Watching the start of the legal proceedings in a criminal case in Moffat County Court on Wednesday also affected junior Michelle Workman.
“I just know I don’t want to be here,” Workman said.
Students in the class watched while Judge Mary Lynne James presided over the advisement of a man charged with a possession of methamphetamine.
“This is real,” James said.
Because of his history with the courts, James set the man’s cash bond at $20,000. News of the lofty amount visibly overwhelmed the man who appeared by closed-circuit television from the Moffat County Jail. He put his head in his hands and cried.
Later this week, students in the class will tour the jail, the Colorado State Patrol and listen to a lecture by law enforcement. The events are in connection with National Law Day, which was May 1.

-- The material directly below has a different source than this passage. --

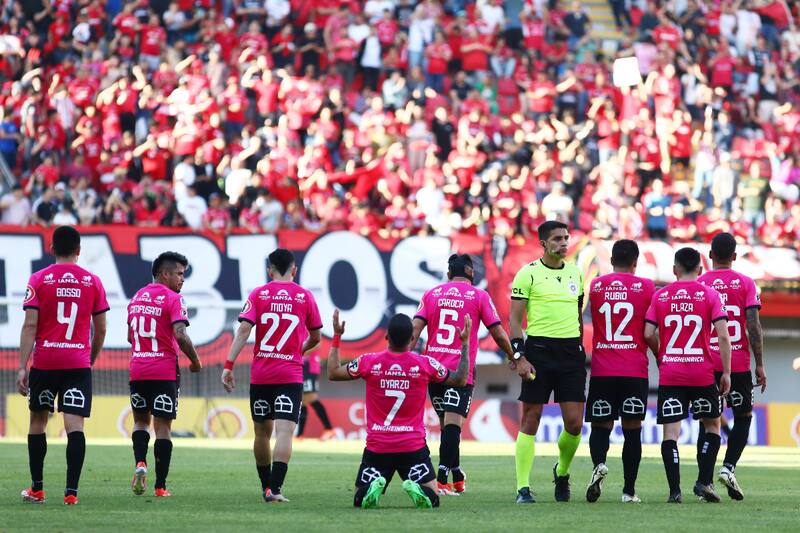 anunció varias salidas.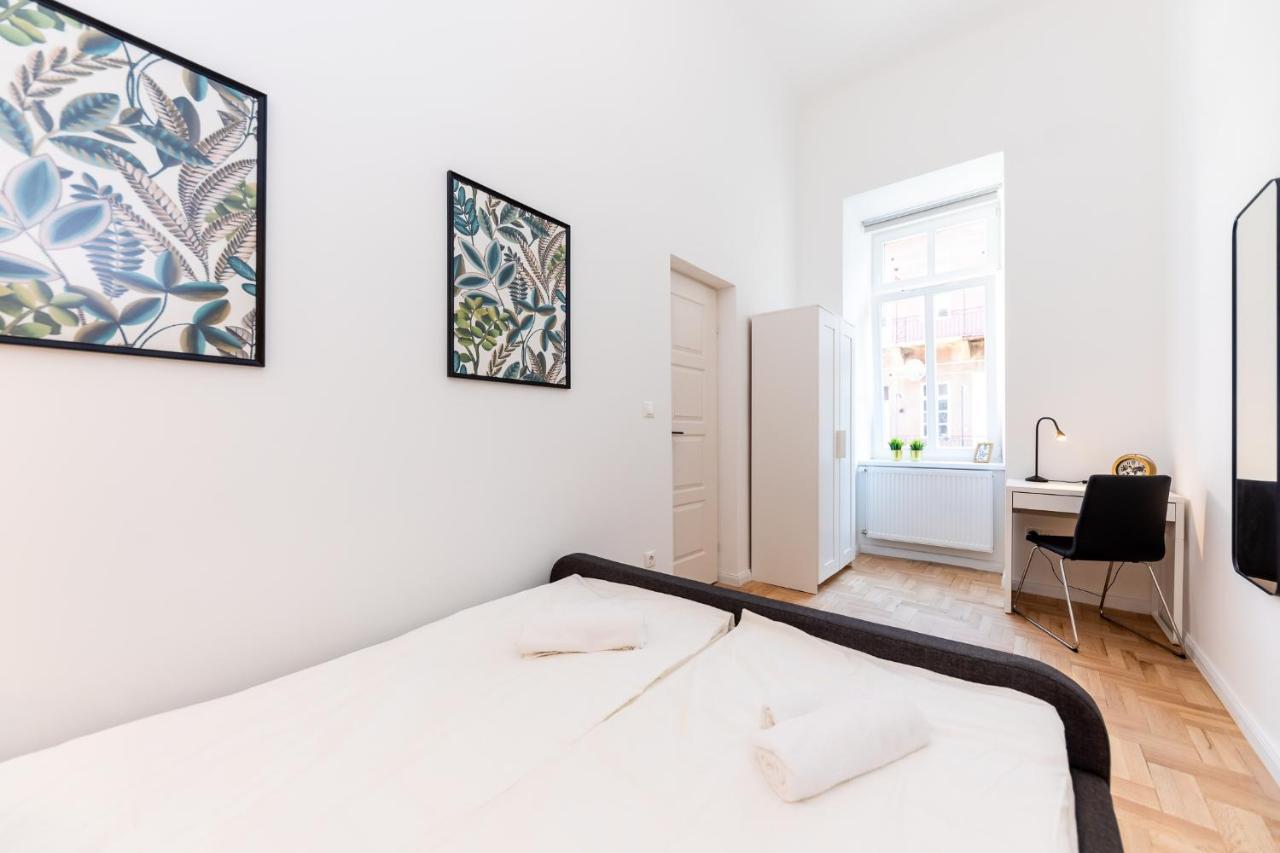 Kiraly Downtown Apartment Budapest Eksteriør billede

At about this time of year, law enforcement and officials in the judicial system schedule events to educate students about the judicial system.
Methamphetamine abuse is the focus of this year’s theme. In years past, topics have included driving under the influence of alcohol and domestic violence.
For the first year, members of the Northwest Colorado Bar Association organized a breakfast Wednesday morning to educate the community on the judicial system.
“This is one of the things that makes our system truly unique,” Attorney Kris Hammond said at the event in a speech about jury trials. “This is one of the things I celebrate when I fly the flag.”
Some people aren’t aware that legal services are available to everyone, attorney Sandra Gardner said.
Moffat County Courts provide a clinic to give advice to people who want to serve as their own attorneys. A once-a-month session also is available for residents to receive limited legal advice.
“At some point in everyone’s life you come in contact with the justice system,” Gardner said.